• Data supplied:
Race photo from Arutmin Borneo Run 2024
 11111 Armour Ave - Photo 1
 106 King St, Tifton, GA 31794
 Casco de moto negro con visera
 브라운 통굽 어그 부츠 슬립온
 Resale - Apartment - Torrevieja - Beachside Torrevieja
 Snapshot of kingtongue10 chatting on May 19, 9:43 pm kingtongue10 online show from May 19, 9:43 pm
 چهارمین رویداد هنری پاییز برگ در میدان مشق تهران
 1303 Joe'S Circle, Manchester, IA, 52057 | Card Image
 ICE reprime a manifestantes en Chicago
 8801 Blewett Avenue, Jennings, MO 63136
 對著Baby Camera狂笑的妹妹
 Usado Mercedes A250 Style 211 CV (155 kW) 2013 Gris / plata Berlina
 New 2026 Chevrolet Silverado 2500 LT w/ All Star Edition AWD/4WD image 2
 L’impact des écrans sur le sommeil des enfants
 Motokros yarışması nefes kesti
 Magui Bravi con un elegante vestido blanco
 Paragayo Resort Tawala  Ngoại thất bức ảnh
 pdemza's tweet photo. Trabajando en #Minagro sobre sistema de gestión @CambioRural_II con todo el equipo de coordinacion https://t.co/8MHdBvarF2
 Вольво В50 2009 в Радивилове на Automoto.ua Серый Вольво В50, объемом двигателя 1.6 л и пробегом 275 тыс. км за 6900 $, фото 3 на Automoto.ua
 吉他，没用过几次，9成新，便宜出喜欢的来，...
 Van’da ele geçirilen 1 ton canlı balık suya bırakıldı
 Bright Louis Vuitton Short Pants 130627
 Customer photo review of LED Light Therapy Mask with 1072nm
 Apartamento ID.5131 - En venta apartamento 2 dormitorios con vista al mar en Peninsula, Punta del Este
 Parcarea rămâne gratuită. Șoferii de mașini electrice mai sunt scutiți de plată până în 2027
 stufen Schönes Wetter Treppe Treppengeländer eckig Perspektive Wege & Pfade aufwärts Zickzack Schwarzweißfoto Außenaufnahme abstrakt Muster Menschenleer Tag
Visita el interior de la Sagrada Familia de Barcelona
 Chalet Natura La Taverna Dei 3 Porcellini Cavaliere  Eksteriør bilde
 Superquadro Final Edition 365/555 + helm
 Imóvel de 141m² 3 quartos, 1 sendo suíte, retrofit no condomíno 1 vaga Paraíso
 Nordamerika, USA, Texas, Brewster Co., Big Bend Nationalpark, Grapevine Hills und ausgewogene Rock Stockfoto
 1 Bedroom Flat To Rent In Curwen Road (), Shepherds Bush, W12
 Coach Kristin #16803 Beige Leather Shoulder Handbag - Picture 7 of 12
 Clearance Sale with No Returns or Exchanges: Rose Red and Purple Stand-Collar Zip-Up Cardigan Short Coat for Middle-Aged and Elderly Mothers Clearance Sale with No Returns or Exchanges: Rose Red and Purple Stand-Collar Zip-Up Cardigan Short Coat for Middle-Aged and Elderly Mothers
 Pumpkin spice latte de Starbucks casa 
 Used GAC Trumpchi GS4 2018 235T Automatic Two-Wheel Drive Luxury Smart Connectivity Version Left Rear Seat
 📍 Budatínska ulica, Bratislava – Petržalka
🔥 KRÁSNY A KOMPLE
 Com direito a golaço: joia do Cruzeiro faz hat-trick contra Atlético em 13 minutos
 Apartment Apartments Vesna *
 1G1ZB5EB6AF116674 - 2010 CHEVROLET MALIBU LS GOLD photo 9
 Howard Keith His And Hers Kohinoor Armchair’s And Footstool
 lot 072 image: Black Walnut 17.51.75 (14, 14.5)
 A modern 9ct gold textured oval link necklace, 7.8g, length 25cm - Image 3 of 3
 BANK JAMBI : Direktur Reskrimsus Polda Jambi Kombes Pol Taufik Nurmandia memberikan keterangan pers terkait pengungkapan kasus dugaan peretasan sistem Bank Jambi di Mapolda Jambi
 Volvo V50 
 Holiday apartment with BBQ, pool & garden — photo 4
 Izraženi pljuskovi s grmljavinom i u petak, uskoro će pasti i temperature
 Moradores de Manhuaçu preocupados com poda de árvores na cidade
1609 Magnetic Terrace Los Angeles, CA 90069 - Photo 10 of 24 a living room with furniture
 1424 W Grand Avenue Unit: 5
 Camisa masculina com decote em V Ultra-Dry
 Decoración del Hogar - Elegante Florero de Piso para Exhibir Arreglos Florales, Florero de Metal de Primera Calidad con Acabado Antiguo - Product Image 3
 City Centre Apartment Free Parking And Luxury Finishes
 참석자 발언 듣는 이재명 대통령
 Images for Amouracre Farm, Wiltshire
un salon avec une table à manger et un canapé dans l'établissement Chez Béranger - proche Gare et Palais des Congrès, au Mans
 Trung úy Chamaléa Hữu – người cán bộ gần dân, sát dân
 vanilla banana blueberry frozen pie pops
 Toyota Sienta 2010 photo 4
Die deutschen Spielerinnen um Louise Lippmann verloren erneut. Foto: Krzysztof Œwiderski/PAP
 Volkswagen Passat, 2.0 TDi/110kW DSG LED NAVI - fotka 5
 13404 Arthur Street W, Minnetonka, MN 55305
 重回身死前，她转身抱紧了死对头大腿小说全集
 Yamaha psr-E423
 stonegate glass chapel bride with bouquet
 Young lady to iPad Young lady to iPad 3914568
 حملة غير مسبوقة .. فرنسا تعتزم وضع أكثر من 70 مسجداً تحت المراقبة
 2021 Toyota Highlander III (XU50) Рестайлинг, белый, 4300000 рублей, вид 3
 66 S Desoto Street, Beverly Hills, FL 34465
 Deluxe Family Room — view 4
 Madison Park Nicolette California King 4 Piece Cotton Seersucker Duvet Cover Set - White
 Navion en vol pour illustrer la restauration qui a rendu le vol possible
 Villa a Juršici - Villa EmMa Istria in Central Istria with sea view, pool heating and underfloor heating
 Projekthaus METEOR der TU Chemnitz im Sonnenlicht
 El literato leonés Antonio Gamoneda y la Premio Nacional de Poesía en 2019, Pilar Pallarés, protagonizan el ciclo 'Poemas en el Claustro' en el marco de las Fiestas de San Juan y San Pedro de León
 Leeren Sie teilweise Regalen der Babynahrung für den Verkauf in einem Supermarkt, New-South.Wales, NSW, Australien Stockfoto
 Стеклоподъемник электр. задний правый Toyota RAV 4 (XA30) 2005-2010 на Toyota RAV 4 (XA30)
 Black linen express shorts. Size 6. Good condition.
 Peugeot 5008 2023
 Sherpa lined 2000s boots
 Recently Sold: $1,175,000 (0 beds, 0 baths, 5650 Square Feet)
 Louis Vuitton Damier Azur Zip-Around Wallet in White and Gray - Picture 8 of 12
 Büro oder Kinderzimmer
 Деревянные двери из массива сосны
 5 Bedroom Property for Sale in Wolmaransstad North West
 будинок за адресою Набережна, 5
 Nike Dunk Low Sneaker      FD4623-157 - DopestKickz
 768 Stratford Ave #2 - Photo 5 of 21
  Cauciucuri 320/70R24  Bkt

• Task brief: Start printing at the line with "будинок за адресою Набережна, 5" and stop after the final line of the listing above, keeping every line exact.

• Final answer:
 будинок за адресою Набережна, 5
 Nike Dunk Low Sneaker      FD4623-157 - DopestKickz
 768 Stratford Ave #2 - Photo 5 of 21
  Cauciucuri 320/70R24  Bkt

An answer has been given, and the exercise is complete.